## Exercise objective
From the first line through the line containing "3 men standing in laundromat, smiling", transcribe the records exactly and include no other lines.

## Given data
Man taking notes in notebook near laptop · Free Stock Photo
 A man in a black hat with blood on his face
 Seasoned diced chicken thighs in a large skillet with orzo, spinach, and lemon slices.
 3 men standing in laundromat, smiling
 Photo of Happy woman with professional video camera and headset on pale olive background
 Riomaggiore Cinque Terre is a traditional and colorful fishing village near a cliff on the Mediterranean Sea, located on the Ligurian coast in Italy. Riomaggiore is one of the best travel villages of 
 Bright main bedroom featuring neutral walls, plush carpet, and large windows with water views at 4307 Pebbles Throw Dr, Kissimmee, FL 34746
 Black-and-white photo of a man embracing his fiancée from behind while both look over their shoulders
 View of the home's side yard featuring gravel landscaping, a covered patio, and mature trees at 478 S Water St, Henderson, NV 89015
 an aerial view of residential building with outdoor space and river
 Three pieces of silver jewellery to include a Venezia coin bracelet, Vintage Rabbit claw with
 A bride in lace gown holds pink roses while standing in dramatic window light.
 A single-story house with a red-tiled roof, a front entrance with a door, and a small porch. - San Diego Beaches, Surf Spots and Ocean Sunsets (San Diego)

## Worked solution
Man taking notes in notebook near laptop · Free Stock Photo
 A man in a black hat with blood on his face
 Seasoned diced chicken thighs in a large skillet with orzo, spinach, and lemon slices.
 3 men standing in laundromat, smiling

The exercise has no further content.